Excluding images, repeat the data exactly as given.
#### DATA TO PROCESS ####
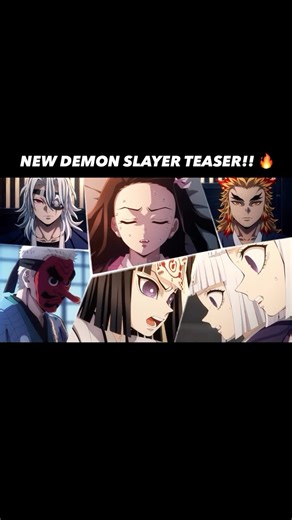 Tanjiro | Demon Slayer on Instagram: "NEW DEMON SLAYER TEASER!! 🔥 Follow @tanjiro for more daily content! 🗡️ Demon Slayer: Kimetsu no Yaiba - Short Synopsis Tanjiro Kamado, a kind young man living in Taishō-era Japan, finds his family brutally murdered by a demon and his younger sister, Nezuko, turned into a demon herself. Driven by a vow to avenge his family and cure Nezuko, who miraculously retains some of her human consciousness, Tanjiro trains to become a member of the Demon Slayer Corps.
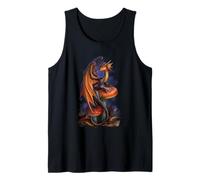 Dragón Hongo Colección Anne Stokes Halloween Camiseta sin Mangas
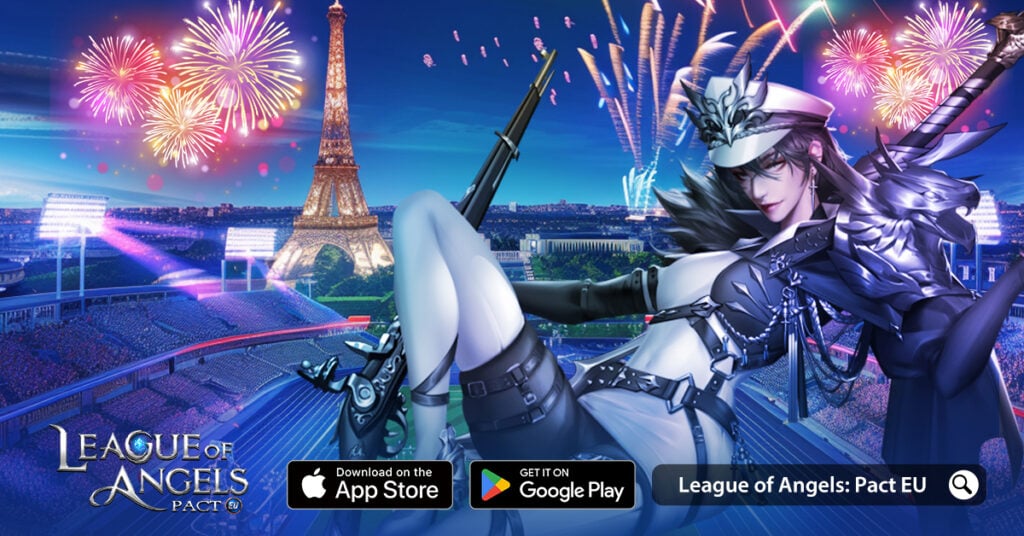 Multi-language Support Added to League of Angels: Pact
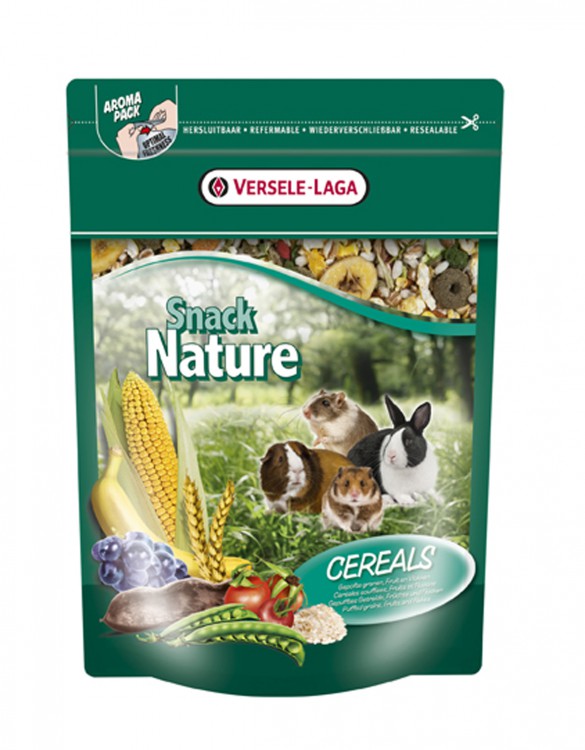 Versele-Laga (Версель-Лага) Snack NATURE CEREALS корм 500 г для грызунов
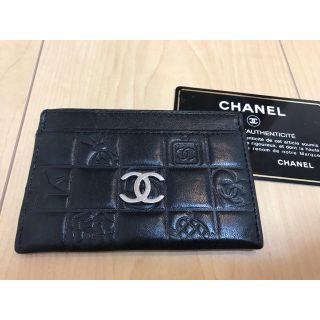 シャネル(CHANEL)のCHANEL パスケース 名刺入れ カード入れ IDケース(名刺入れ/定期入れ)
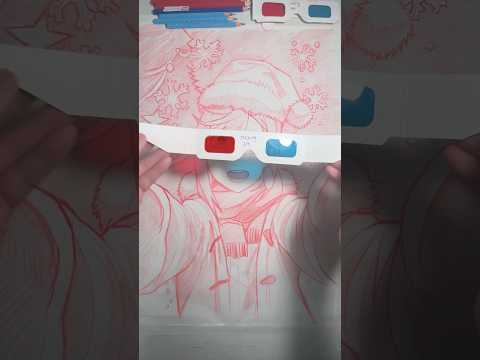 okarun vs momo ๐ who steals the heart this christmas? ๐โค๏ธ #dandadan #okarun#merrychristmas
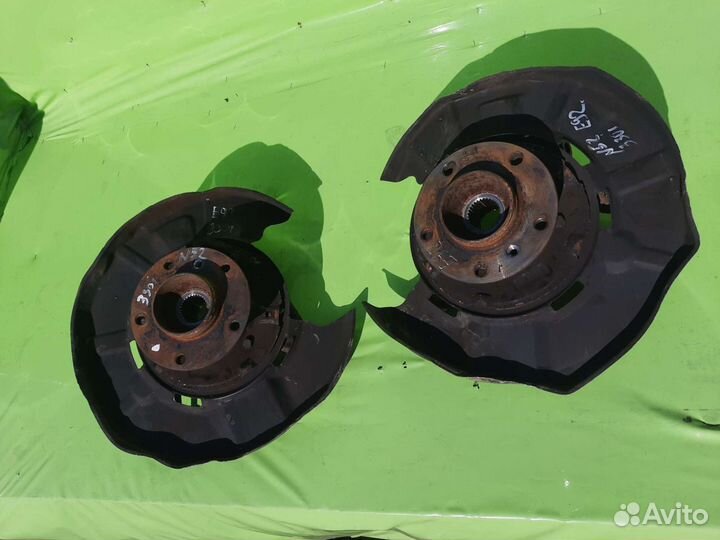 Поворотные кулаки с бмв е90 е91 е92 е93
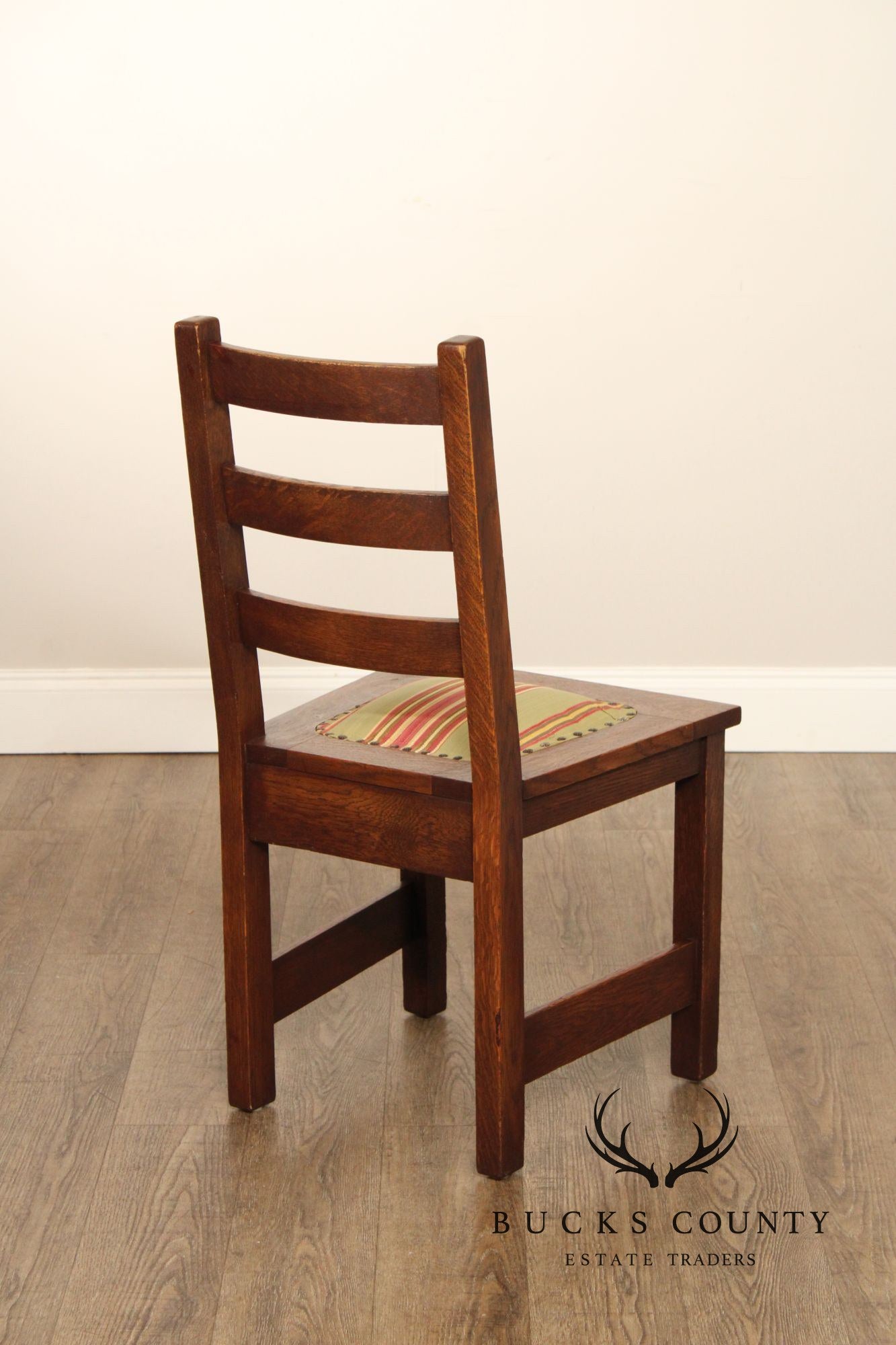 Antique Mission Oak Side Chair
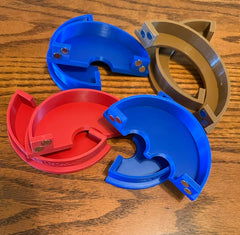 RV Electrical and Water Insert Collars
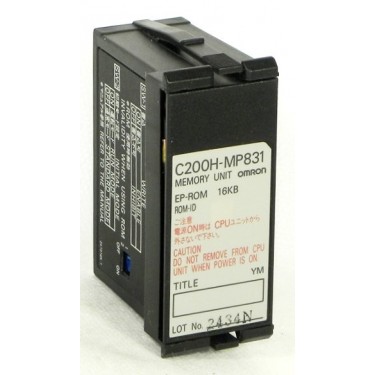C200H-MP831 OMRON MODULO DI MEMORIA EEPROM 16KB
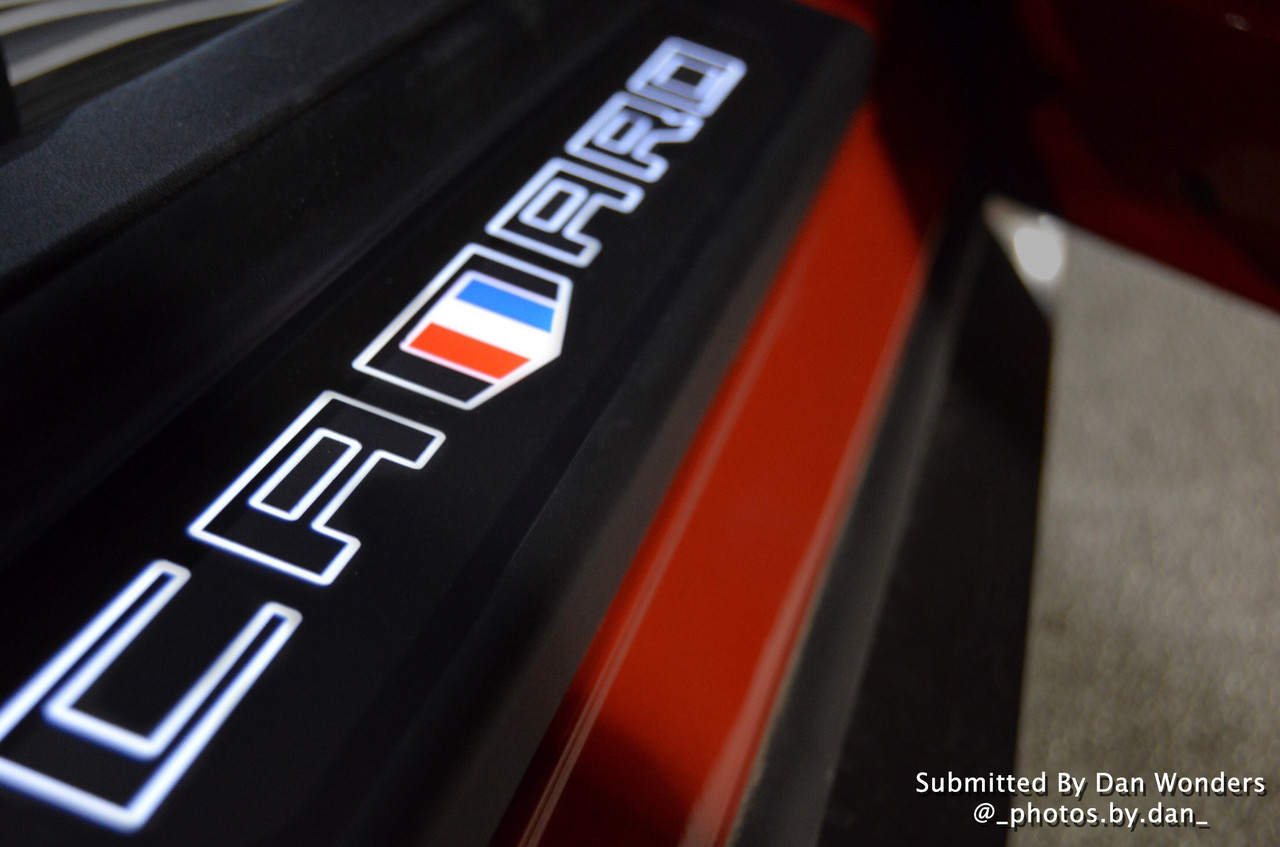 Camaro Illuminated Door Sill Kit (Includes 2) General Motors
####
FINISHED TASK ->
 Tanjiro | Demon Slayer on Instagram: "NEW DEMON SLAYER TEASER!! 🔥 Follow @tanjiro for more daily content! 🗡️ Demon Slayer: Kimetsu no Yaiba - Short Synopsis Tanjiro Kamado, a kind young man living in Taishō-era Japan, finds his family brutally murdered by a demon and his younger sister, Nezuko, turned into a demon herself. Driven by a vow to avenge his family and cure Nezuko, who miraculously retains some of her human consciousness, Tanjiro trains to become a member of the Demon Slayer Corps.
 Dragón Hongo Colección Anne Stokes Halloween Camiseta sin Mangas
 Multi-language Support Added to League of Angels: Pact
 Versele-Laga (Версель-Лага) Snack NATURE CEREALS корм 500 г для грызунов
 シャネル(CHANEL)のCHANEL パスケース 名刺入れ カード入れ IDケース(名刺入れ/定期入れ)
 okarun vs momo ๐ who steals the heart this christmas? ๐โค๏ธ #dandadan #okarun#merrychristmas
 Поворотные кулаки с бмв е90 е91 е92 е93
 Antique Mission Oak Side Chair
 RV Electrical and Water Insert Collars
C200H-MP831 OMRON MODULO DI MEMORIA EEPROM 16KB
 Camaro Illuminated Door Sill Kit (Includes 2) General Motors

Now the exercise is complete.